Tuesday, February 12, 2008

Thoughts on Transportation

Highways, historically, have a strange effect.  The more you build, the more cars there will be to fill them up.  NYC--and especially Manhattan--resists automobiles like no other city.  Not its residents, so much, but just the practicalities: parking is a nightmare or ridiculously expensive or so far from where you're going it's hardly worth it, traffic can be so bad you could get to your destination faster by walking, the huge number of pedestrians themselves (who have absolute right-of-way, always) cause traffic blockage.  But Robert Moses' highways and bridges did what they do, despite all that.

So why doesn't the same thing happen with mass transit systems?  So many cities build them and they end up being all but a complete failure.  Obviously a city like Los Angeles resists public transportation.  But that kind of resistance made no difference to car owners commuting to NYC.  "They don't go where the commuters need them to go" isn't exactly a valid reason, either, because in the early days of rail travel, whole towns grew up around where the rails were laid, not the other way around.  

Maybe that's the problem, though.  The trains may take you from where you live to where you work, but then you're stuck, in a city like LA (and plenty of others).  Work out at the gym before going to the office?  You have to drive there.  Need a carton of milk on the way home?  You have to drive there.  No PTS could realistically go to all those places.

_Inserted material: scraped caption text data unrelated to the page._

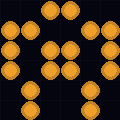 23.166.12.139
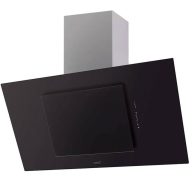 CATA - Páraelszívó THALASSA 1200 XGBK/F fekete HOB2HOOD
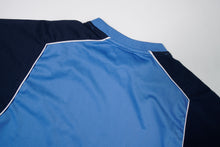 Load image into Gallery viewer, Vintage Nike Shirt | M
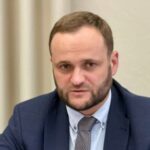 3 500 військових і ветеранів отримають підтримку на житло новини LB.ua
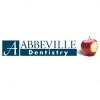 Abbeville Dentistry Logo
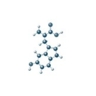5-HTP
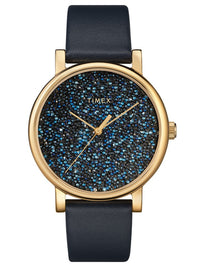 Timex Damenuhr – TW2R98100
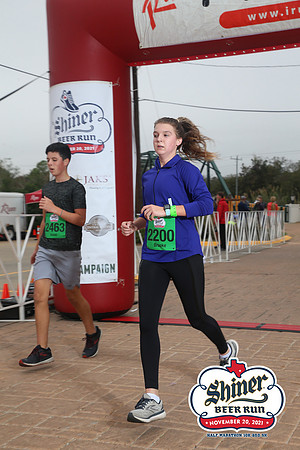 20211120ShinerBeerRunF-0547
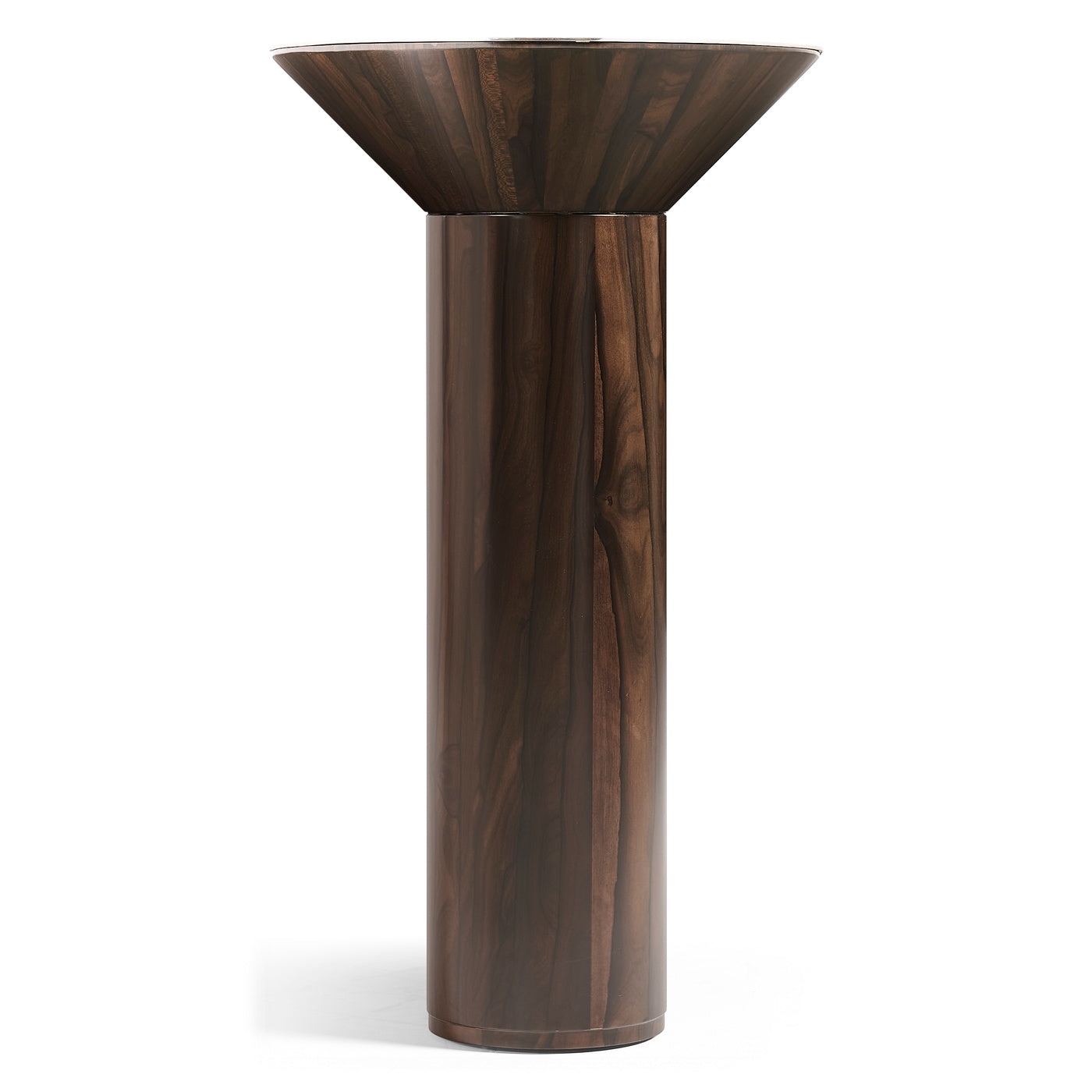 Terra Console Table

It's kind of a Catch 22, in fact.  Businesses would have no reason to expect a PTS to be successful and provide a steady source of customers, so they don't group themselves around transit hubs.  Because there aren't conveniences grouped around transit hubs, the PTS remains useless to commuters.  I can't help thinking that cycle could be made to spin the other direction, though.  If all sorts of little businesses (gyms, dry cleaners, small groceries, newsstands, coffee shops and cafes, banks, cellphone dealers) were given tax breaks or whatever else to grow in those kind of areas, it could potentially work, I believe.